Edisto Revisited Read online

Page 10


  It was only then that I got in the ballpark, or, more precisely, realized I’d been standing at the plate taking this brushback pitch. I got ready, now that I knew the count (0-2), for another pitch. Here it came.

  “And everybody’s shit stinks.”

  Ah yes. The sentiments of the civilized man. The man that Leakey found and Darwin propounded along his trail of betterment and NASA aided to take giant steps for mankind on the moon. I drank my drink. It was like being a teenager again: Let them have their godawful say and get out of their way. This had been called by my father in its day my “being Cochise.” Now, again, I sat there being Cochise. I was Cochise with a martini. I was Cochise with a red plastic sword through his olive, talking to the Great White Father, who was giving Cochise sage and worldly exempli that perhaps his own native gods would not know about. Cochise was probably only getting things like “All things are one” from his own godhead, so he needed “Everybody has their shit” from the Great White Father.

  Life is not prevailing. Life is letting those who insist on it prevail around you and preserving a measure of dignity for yourself on the fringe of the embarrassment. The meek shall inherit the earth if they can wait out the prodigious period of presumption.

  28

  MY PROWESS AS A coastal architect rests on certain indissoluble premises.
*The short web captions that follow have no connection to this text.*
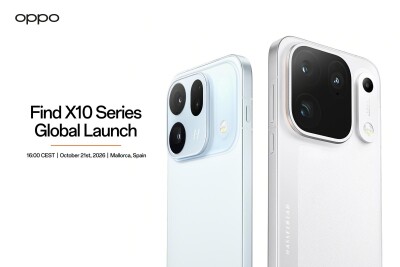 Ngày 21/10 tại Tây Ban Nha, OPPO sẽ chính thức ra mắt toàn cầu OPPO Find X10 Series -dòng smartphone cao cấp mới nhất của hãng 820305 oppo4 jpg 400x0 1 TechTimes Vietnam Ngày 21/10 tại Tây Ban Nha, OPPO sẽ chính thức ra mắt toàn cầu OPPO Find X10 Series -dòng smartphone cao cấp mới nhất của hãng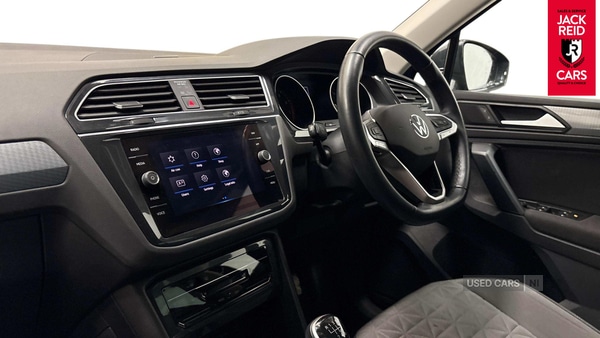 Used Volkswagen Tiguan 2022 for sale - 77092049: Photo 2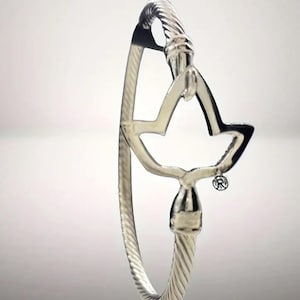AKA Armband, Schmuck, Hübsches Mädchen, griechischer Buchstabe Armband, göttliche 9, auch bekannt als Geschenk, Geschenk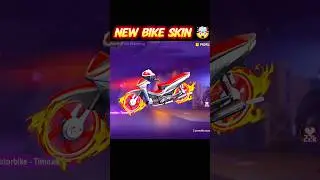🚗🏍️ Upcoming Car & Bike Skins in Free Fire | New Vehicle Skins Revealed 🔥 | FreeFire Shorts#freefire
These include but are not limited to the following: find a way to put the woman into a house that suggests to her she is the widow of a sailor (a cupola with widow’s walk may be too overt for a Southern woman, but not for one from Ohio—she will be pleasantly haunted by it); put the man into a house that suggests his main job in life is to be a good host and a good host’s main job is to see that everyone has a drink (for the Southern man, a big bar on the main floor reminiscent of a fraternity house; for the man from Ohio, a small bar on every floor, including the basement, for which a facsimile must be made by closing in the support pillars); convince both the man and the woman that the elevations of the house are intimately and uniquely in communion with the elevations of the lot on which it is to sit. This last is most easily accomplished by having no relationship whatsoever between elevations. If this is noticed, speak of “tension” and sweep your arm toward the roiling Atlantic.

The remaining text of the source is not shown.